Sé que es un trabajo de esclavo y lo lamento por él. Has de contestar a miles de idiotas y llamadas que nada aportan, con la esperanza de que en algún momento te toque la lotería, cosa que sucede de higos a brevas. Además, ahora, con la televisión, las noticias y los realities, los imbéciles se han multiplicado por cien, porque todo el mundo sueña con su momento de gloria en la pantalla.

Me paso tres horas en el despacho, hablando con dos cretenses, Pozakis y Dermitzakis, mientras Guikas me llama cada cinco minutos; pero no hay novedades, nada se mueve, salvo el ministro, que aparece en todas partes -en los periódicos, en la radio, en la tele- para declarar que con la fotografía han cambiado las tornas y que estamos ya muy cerca del culpable.

– Dígale que no llame al mal tiempo -le comento a Guikas, que va transmitiéndome sus declaraciones-. Recuérdele que cierto ministro afirmó en su momento que estábamos cerca de los terroristas del movimiento 17 de Noviembre y que luego nos costó quince años desarticular la organización.

Al final, yo mismo me harto, así que decido emprender la retirada y volver a casa.

Me encuentro a Adrianí delante del televisor.

– Pero ¿qué les pasa a todos?
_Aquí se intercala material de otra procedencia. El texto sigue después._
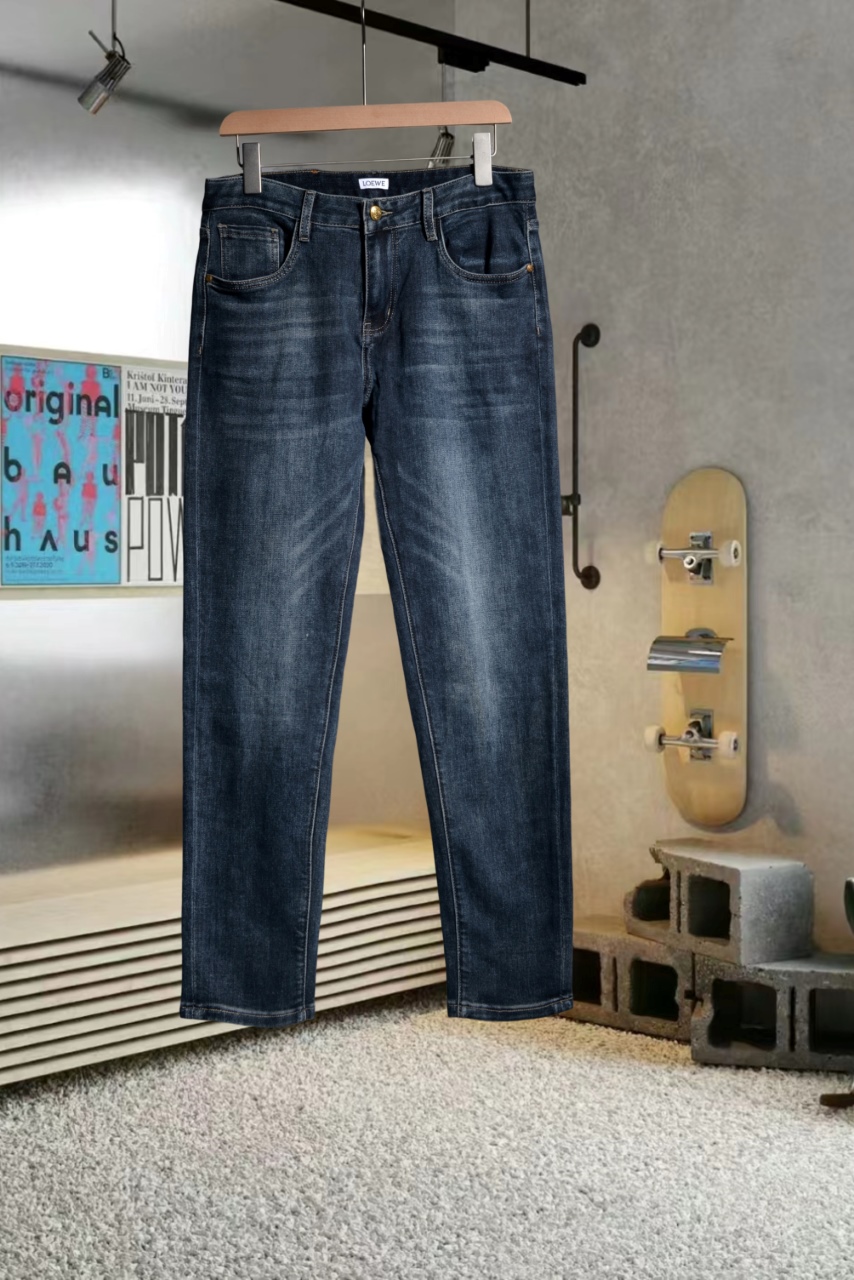 Royywell’s 2024 New One-Size Jeans: Luxurious, Comfortable, Stylish, and Versatile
No hacen más que echar películas aburridas, series sin orden ni concierto y comedias para echarse a llorar -se enfada-. Si han decidido estar de luto por la publicidad, mejor que pongan música clásica; al menos así sabremos dónde nos encontramos.

– La música clásica no se toca sólo en los funerales oficiales, mujer.